Regia di Derek Cianfrance vedi scheda film
Venezia 73 – concorso ufficiale
Ormai consacrato a nome autoriale da tenere d’occhio grazie a soli due titoli (Blue Valentine e Come un tuono), Derek Cianfrance si lancia nel melodramma ambientato nel passato, per la precisione subito dopo la fine della Grande Guerra.
Se in base alla sintesi della trama potrebbe sembrare la solita trita e ritrita storia d’amore, e comunque in (minima) parte lo è pure, in realtà sono altri gli aspetti che rendono questa pellicola stimolante, permettendogli di addentrarsi nella manifestazione dei comportamenti umani che mettono in crisi l’autocontrollo rendendo di conseguenza difficile, se non impossibile, fare la cosa giusta dato che questo porterebbe a una cascata di problematiche.
Finita la Grande Guerra, Tom Sherbourne (Michael Fassbender) decide di ritirarsi in un luogo solitario e l’incarico di guardiano del faro di Janus Rock è ciò che fa per lui.
E’ in questo luogo che vivrà la sua storia d’amore con Isabel (Alicia Vikander), un rapporto perfetto che verrà prima scalfito, e successivamente travolto, dalle difficoltà di avere un proprio figlio e dal caso che si metterà di mezzo.
Quello di Derek Cianfrance è uno dei casi a Venezia 73; sicuramente il suo era tra i titoli più attesi ma si è trasformato nel meno applaudito di tutti, sarà che il melodramma fa arricciare il naso, come se fosse la causa di un’intolleranza (è anche vero che questo essere prevenuti non giunge dal nulla).

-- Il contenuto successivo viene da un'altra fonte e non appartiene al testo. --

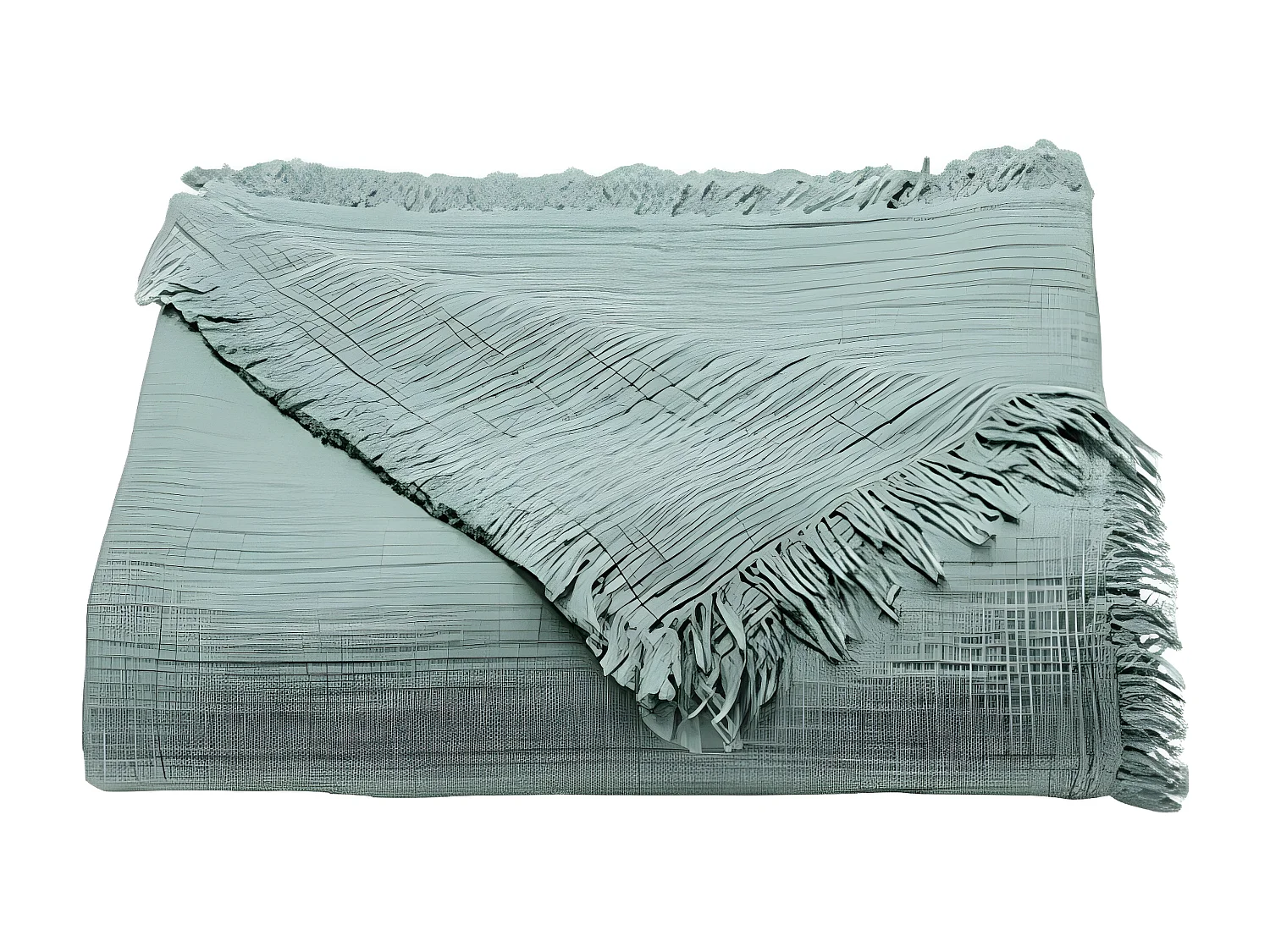 Plaid à franges "Brehat" Gaze de Coton stonewashed Toison d'or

In effetti, ciò che riguarda strettamente l’amore tra Tom e Isabel è tutto fuorché esaltante, ci sono lungaggini di troppo, soprattutto nella seconda parte che raccorda più periodi temporali, e rischia anche di essere stucchevole (ma qua è più colpa di un clima generale).
A parte i tanti simboli piazzati dappertutto - come il faro a fare da punto di riferimento in mezzo alla tempesta, la barchetta alla merce del fato o il sole al tramonto (di una vita) – che possono produrre le epifanie più profonde o il latte alle ginocchia, ciò che differenzia The light between oceans da altri melodrammi è che possiede altro da mettere sul piatto, deviando l’attenzione (sempre se nel frattempo non ci si ritrova narcotizzati).
Si tratta di urgenze impellenti ed egoismi che scaturiscono da moti interiori indomabili, che portano allo struggimento o finanche a uno stato di semi pazzia permanente che annulla la naturale percezione delle cose. Quando poi due necessità forti - come il senso di colpa e l’aspirazione di diventare madre (ricordandosi sempre che in quella società, non riuscire a fare un figlio per una donna era vista come una condanna divina) - condividono il medesimo spazio, non può che manifestarsi, prima o dopo, uno strazio che conduce a dilemmi morali da porsi (e che non si possono accantonare tanto facilmente).
Poi è anche vero che alla fine si arriva comunque pur sempre all’effetto fazzoletto, ma il tragitto non è affatto scontato e molte posizioni – la necessità di dire la verità, l’ammissione di aver perso ogni legame con la propria figlia appena ritrovata fisicamente e il vuoto da assenza – richiedono esplicitamente di calarsi in quei panni.
Per il resto, Michael Fassbender e Alicia Vikander hanno una chimica propria di chi si conosce alla perfezione, e non potrebbe essere altrimenti dato il legame che li unisce, mentre Rachel Weisz non è illuminata dall’ispirazione (più che altro, già non lo è il suo personaggio, un po’ trascurato).
Fatta la cernita di tutto, francamente, lo stuolo di stroncature, compatte come se fossero fuoriuscite da un plotone di esecuzione, sembra una punizione esagerata – anche se in laguna la critica internazionale è stata più equilibrata di quella nostrana – per un’opera che rimane comunque un crogiolo di vizi e virtù, tra cui bastano davvero impercettibili movimenti del proprio animo per spostare la bilancia del gradimento da una parte o dall’altra, ma (almeno) l’indifferenza aleggia altrove.
Rischioso, un po’ deludente e da rivalutare con un pensiero laterale.